Messa una pietra sopra al “fotbal”, mai veramente nato un club di disco su ghiaccio con una qualche ambizione (chi ha memoria dei Boy Scouts o anche solo dei Dogs?), archiviate da decenni le esperienze cestistiche della Sico (quattro titoli svizzeri e una coppa), abortite quelle di pallavolo (con una Federale sempre incapace di compiere il salto di categoria) e altre ancor più effimere ed esotiche (unihockey, hockey a rotelle, football americano e, addirittura, baseball), resta il vuoto. Atletica, ginnastica, karate, nuoto, pugilato, tennis, ma per far numero mettiamoci pure bocce e minigolf, dove si riscontra ancora qualche guizzo felino (pardesco), premiano piuttosto le individualità, più che il sodalizio d’appartenenza. E comunque anche in questi contesti, come dimostra il malinconico caso del cancellato velo club (anno di fondazione 1895!), la minaccia di desertificazione è in agguato.

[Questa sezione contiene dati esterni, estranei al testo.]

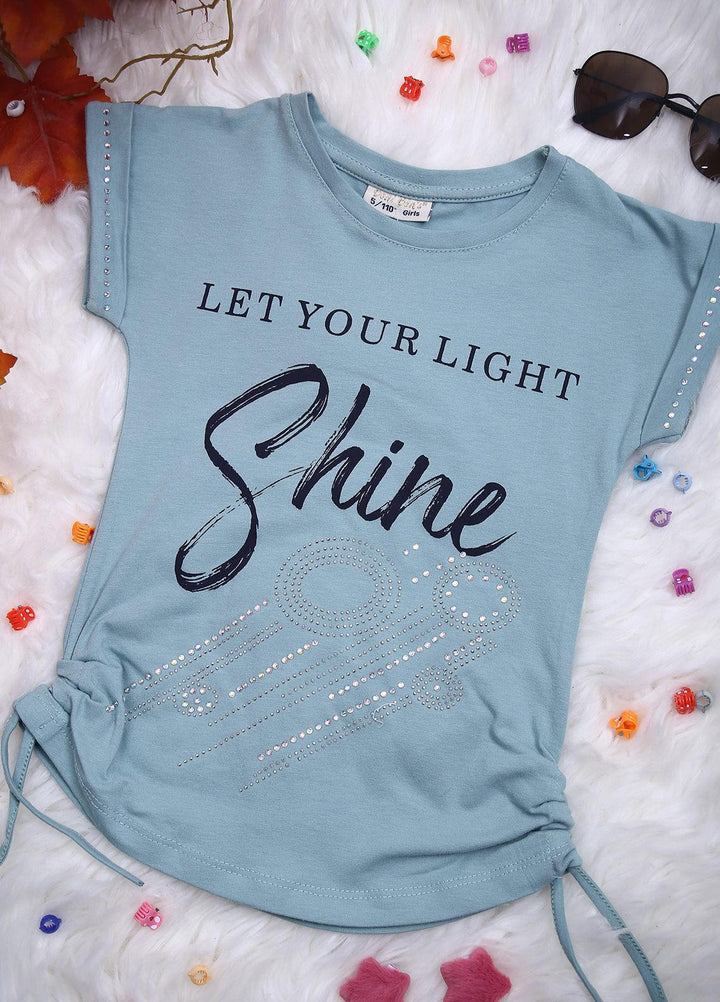 Sanaulla Exclusive Range Cotton Casual T-Shirts for Girls -  113529 L Green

C’è da sperare che dopo lo sport, da Locarno non sparisca anche la cultura, unica ragione –ricorrenti alluvioni e allagamenti a parte- per la quale ancora se ne sente parlare dopo aver oltrepassato i confini regionali. In attesa che il potere politico, soprattutto quello cantonale, non decida d’inferire il colpo di grazia, smantellando anche i pochi servizi rimasti, approfittando della congenita mancanza di forza contrattuale dovuta alla frammentazione dell’agglomerato e sotto la pressione delle fameliche mire di altre e ben più attrezzate località. Ma questo è un capitolo che verrà aperto in altro momento.